The role of stress ....
The right ventral lateral pre frontal cortex is active in stress and has a role in regulating emotions. This area responds to pain - notably physical pain causes the release of natural painkillers whereas psychological pain does not, it also contains cortisol receptors. Cortisol is a fight or flight response hormone. It has a natural morning spike and then maintains low levels throughout the day accept in crisis or when there is a threat to survival. Having too much cortisol can lead to physical manifestations from yourself or the team which you are leading. These include poor sleep, irritability and craving chocolate/caffeine. The physical symptoms can detract from your brain power and demand attention, too much cortisol can also decrease your immunity and increase your abdominal fat thus impacting your physical health. Emotion biases all decisions and stress/fear biases decisions to the emotional system through the cortisol pathways. Interestingly some studies have shown that cortisol levels can be transmitted to others in a similar way to pheromones. Therefore a leader who has high levels of cortisone has the potential to expose others to them as well as themselves.
Stress is just one of the recognised threats to your brain power in work, others include uncertainty and uncontrollability. As a leader you do have the power to influence these for your team. Can you adapt your leadership in order to make your team feel more in control of the tasks which they are performing? You can definitely reduce uncertainty.

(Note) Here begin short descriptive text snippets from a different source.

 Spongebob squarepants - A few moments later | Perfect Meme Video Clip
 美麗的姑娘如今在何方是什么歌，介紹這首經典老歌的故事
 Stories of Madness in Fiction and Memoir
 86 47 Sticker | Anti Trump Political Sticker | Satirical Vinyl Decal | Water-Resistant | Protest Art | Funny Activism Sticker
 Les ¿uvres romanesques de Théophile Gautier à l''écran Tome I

We did a good exercise on the course which focused on re-framing our responses. As a leader when a suggestion is made by a member of your team the automatic response is to say "No". In order to say yes it requires more mental energy as a leader but improving your ability to this can increase the level of control which your team feel they have and promote the positive emotional drivers outlined above. We were tasked in pairs of making a suggestion to overcome a problem to our partner. Initially they had to respond with "No" Then we had to re-ask the question and they had to a respond with "Yes, but .." thus entertaining the idea but outlining the potential barriers stopping this from happening. As the questioner we than had to once again make the same suggestion but our partner needed to respond with "Yes, and..." Using "Yes, and .." reduces the social isolation of your team and increases the attachment and bonding created. Oxytocin, which is released when creating a good bond, shapes the neutral circuitry of trust adaption. Reward and attachment emotions regulate emotion and improve decision making. Thus by utilising this type of leadership within your team you can promote good decision making and reduce stress. There is lots to gain
A 10% improvement in performance is equivalent to an extra 23 working days annually.

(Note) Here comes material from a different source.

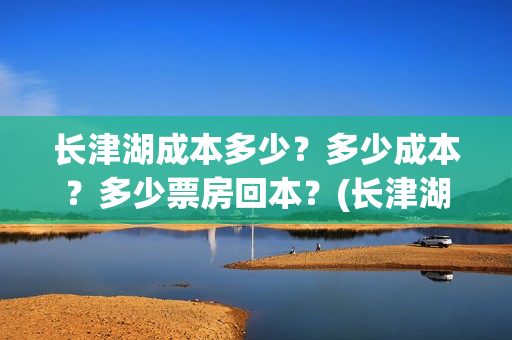 长津湖成本多少？多少成本？多少票房回本？(长津湖一共投资多少钱)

Other key points from day 1
During the course all food was provided and the menu was created to promote healthy eating and ensure that the nutrients provided promoted brain agility. It was followed up with an evening reception - I'm not sure where the wine fits into a healthy lifestyle but it was definitely welcome after all the information provided during the course.
Our thanks also have to go to Mr William Fleming, a fellow course participant who took us out to sample the local seafood in the evening, but also allowed us to pick his corporate brain with ideas that could benefit our leadership styles and leadership within the NHS. (I think/hope he learnt a little bit from us too!)
During day 1 we were taught that people are 15% more productive on the days that they do 30 minutes of aerobic exercise in the morning. While i'm not sure this counts as aerobic exercise, we took this on board and as a group of Clinical Fellows all attended the precourse early morning yoga session. The picture above is the view from the glass walled classroom we were practicing in, this rivals the morning session of beach yoga I took part in while travelling for the most breathtaking yoga view. It was a calming start to the day, followed by a breakfast of foods, as yesterday specifically selected to enhance wellbeing and increase brain agility.
We were more focused on day 2 on our own strengths and weaknesses and what we can do to improve our leadership while increasing our own resilience and mental toughness. If we can maintain our mental toughness and resilience as leaders then we promote a culture within our organisation that it is important to do the same.
"Nobody would get into a car without filling it up or maintaining it - Why do we not do this with ourselves?"
Maximise your potential
Prior to the course we completed a Neurozone questionnaire. This is a detailed questionnaire which enables you to focus on small changes you can make to maximise your own potential and therefore improve your leadership. Two of my areas for focus are improving my sleep and increasing the diversity of my exercise. Both of these require a small change but have the potential to have a big impact on my reserves.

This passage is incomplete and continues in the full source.